NetApp / harvest

Open-metrics endpoint for ONTAP and StorageGRID
https://netapp.github.io/harvest/latest
Apache License 2.0
147 stars 36 forks source link

24.08 update - missing ton of metrics #3109

Closed db-wally007 closed 4 weeks ago

db-wally007 commented 4 weeks ago

A note for the community

Problem

After the upgrade, a lot of our custom dashboards are missing data.
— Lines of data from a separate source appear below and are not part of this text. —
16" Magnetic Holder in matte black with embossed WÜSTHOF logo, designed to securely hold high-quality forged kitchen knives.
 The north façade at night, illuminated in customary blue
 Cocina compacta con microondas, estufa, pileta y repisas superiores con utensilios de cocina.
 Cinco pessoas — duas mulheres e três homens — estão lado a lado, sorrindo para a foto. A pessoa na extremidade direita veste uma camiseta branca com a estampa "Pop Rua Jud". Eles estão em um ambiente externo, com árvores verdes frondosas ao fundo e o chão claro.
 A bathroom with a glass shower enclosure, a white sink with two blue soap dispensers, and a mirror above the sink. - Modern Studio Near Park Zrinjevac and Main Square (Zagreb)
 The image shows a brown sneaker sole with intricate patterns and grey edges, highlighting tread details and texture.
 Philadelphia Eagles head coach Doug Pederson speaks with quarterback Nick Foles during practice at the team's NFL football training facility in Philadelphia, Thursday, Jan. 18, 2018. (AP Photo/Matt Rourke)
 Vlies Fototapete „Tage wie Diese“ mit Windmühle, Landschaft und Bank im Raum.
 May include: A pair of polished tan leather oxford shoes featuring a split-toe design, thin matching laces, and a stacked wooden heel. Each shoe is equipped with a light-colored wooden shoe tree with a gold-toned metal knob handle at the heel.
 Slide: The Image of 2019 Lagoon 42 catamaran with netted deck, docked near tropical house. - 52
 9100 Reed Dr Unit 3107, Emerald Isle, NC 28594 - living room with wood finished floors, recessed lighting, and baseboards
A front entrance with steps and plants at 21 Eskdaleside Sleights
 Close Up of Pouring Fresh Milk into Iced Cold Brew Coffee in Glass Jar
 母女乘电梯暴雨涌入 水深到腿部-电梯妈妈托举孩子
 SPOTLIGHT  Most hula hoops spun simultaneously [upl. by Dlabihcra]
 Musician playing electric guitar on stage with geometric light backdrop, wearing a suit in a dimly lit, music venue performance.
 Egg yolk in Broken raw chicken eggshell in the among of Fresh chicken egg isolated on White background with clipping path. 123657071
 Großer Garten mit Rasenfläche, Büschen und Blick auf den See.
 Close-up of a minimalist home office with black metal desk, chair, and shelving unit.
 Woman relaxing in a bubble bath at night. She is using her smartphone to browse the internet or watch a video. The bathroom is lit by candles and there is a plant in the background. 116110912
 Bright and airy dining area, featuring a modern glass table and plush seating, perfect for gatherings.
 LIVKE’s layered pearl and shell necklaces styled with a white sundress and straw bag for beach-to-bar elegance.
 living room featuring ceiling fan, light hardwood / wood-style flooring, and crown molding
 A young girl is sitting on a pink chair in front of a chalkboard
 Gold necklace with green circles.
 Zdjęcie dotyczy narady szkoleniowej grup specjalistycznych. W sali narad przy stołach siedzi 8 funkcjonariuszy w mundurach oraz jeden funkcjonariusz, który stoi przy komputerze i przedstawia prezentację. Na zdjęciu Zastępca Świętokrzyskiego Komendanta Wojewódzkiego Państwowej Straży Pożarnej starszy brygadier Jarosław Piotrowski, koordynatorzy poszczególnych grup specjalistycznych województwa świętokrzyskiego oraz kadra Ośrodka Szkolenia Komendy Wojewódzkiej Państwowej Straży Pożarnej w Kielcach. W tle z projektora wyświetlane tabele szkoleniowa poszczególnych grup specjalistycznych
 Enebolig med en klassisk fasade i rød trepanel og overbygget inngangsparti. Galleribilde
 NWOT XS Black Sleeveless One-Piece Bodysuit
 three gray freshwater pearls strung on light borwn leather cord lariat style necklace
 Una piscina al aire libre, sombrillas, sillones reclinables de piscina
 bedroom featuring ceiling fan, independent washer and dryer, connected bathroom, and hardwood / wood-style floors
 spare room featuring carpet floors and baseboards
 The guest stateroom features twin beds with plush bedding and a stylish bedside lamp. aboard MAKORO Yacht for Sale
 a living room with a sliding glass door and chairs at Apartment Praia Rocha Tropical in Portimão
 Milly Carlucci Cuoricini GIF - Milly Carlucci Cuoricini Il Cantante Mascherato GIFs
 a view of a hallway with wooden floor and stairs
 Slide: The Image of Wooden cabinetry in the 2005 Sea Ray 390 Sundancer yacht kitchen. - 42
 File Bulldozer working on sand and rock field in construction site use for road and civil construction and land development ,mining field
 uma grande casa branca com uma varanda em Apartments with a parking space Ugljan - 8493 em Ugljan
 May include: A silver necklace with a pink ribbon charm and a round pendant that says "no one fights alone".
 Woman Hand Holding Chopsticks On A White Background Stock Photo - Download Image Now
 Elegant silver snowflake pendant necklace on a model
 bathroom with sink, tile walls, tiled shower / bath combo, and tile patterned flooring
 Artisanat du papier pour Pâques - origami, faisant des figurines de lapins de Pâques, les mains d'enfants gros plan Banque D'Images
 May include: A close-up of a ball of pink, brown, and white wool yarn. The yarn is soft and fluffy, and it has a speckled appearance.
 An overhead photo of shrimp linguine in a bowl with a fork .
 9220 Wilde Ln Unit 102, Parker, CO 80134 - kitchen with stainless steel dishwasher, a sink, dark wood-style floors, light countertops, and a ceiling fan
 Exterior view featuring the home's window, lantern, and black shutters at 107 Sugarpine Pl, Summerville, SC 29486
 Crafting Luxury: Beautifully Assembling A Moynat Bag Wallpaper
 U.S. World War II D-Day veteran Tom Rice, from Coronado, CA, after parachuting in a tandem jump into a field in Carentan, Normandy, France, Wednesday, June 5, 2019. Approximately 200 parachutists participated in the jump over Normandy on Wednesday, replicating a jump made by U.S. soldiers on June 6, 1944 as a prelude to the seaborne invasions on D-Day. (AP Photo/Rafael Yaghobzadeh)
After digging into it, I noticed all Snapshot, SVM-DR, S3 and Volume capacity metrics are missing.

No config was changed, we only rolled out a new container 24.08 to replace 24.05 (to fix the analytics log errors) I also imported harvest dashboards, those are missing data as well.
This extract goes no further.